WJNI
- Ladson, South Carolina; United States;
- Broadcast area: Charleston metropolitan area
- Frequency: 106.3 MHz (HD Radio)
- Branding: Gospel 106.3 FM

Programming
- Format: Urban Gospel
- Subchannels: HD2: Old Skool 92.1 (Classic hip hop)

Ownership
- Owner: Kirkman Broadcasting Inc.
- Sister stations: WQNT, WQSC, WTMZ, WTMZ-FM

History
- First air date: June 15, 1998; 27 years ago
- Call sign meaning: With Jesus Nothing's Impossible

Technical information
- Licensing authority: FCC
- Facility ID: 66798
- Class: A
- ERP: 6,000 watts
- HAAT: 100 meters (330 ft)
- Transmitter coordinates: 32°55′42.00″N 80°6′13.00″W﻿ / ﻿32.9283333°N 80.1036111°W
- Translator: HD2: 92.1 W221CI (Summerville)

Links
- Public license information: Public file; LMS;
- Webcast: Listen Live Listen Live (HD2)
- Website: wjnigospel.com oldskool921.com (HD2)

= WJNI =

WJNI (106.3 MHz) is an FM radio station broadcasting an urban gospel radio format. It is licensed to Ladson, South Carolina, and it serves the Charleston metropolitan area. The station is currently owned by Kirkman Broadcasting with studios in the West Ashley section of Charleston.

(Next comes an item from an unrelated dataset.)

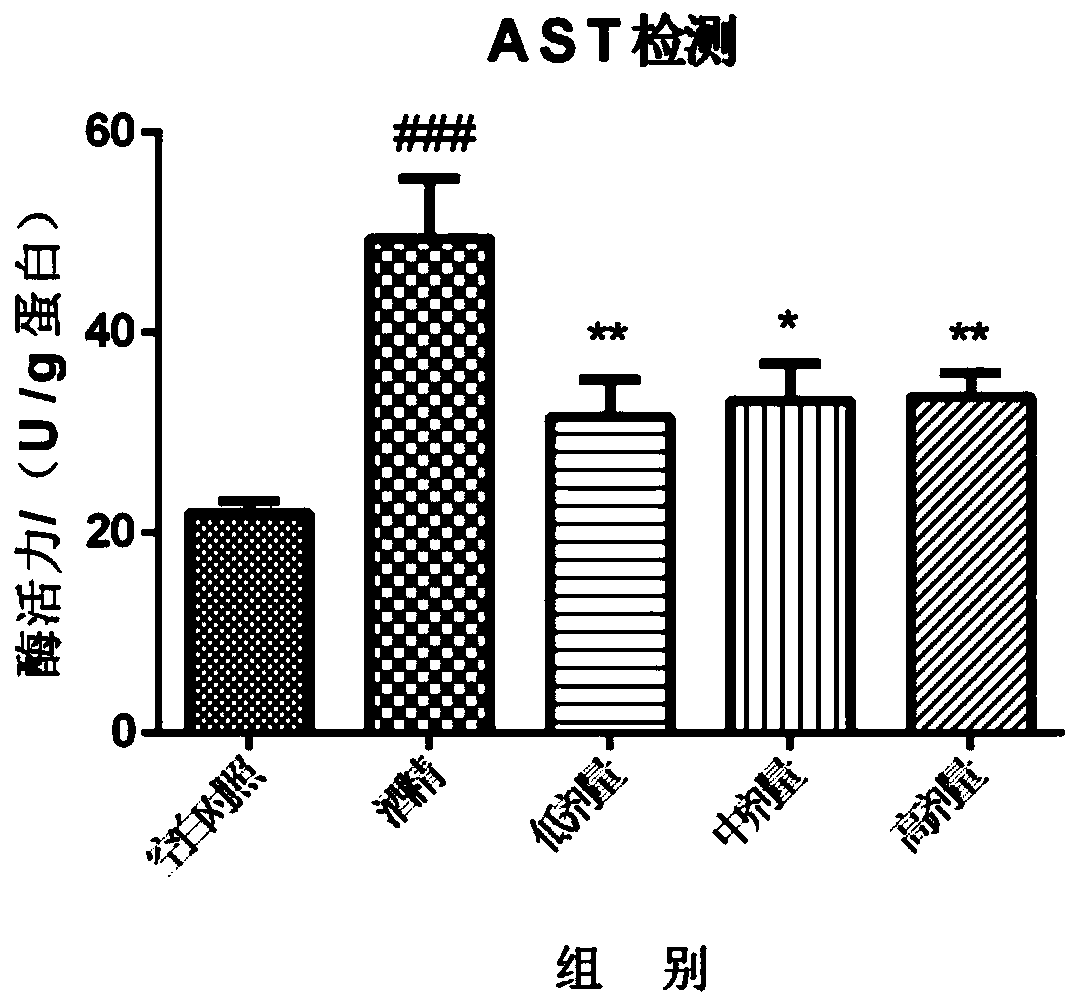 Liver-protection compound traditional Chinese medicine preparation and preparation method thereof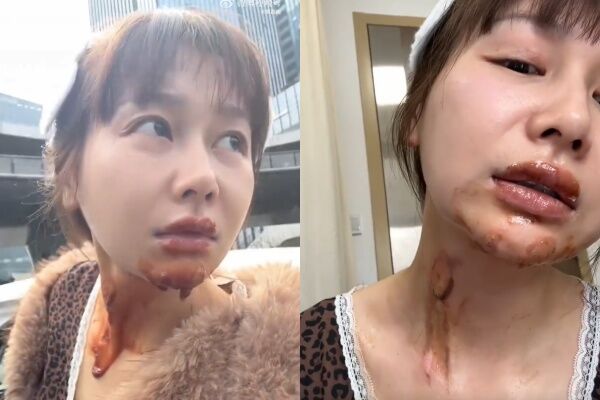 ▲▼陸甜美演員仿拍生日噴火蛋糕慘遭「毀容」。（圖／翻攝自微博）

WJNI is a Class A FM station. It has an effective radiated power (ERP) of 6,000 watts. The transmitter is in North Charleston. WJNI broadcasts using HD Radio technology. Its HD2 digital subchannel airs classic hip hop music, which feeds FM translator W221CI at 92.1 MHz in Summerville.

==History==
In Spring 1999, WJNI jumped from 16th in the Winter ratings to 12th; a year earlier it was not even on the air. Cliff Fletcher said the station drew listeners from stations owned by big companies because it was unique, with community involvement and "empowerment" major features of the format. The target audience was 25 to 44.

In Winter 2002, WJNI reached number six.

As of August 17, 2020, the W221CI translator on 92.1 was temporarily simulcasting WJNI but planned to return to airing the HD-2 programming, which had been classic hits, heard on WQNT and W271CP 102.1. It now has a classic hip hop format.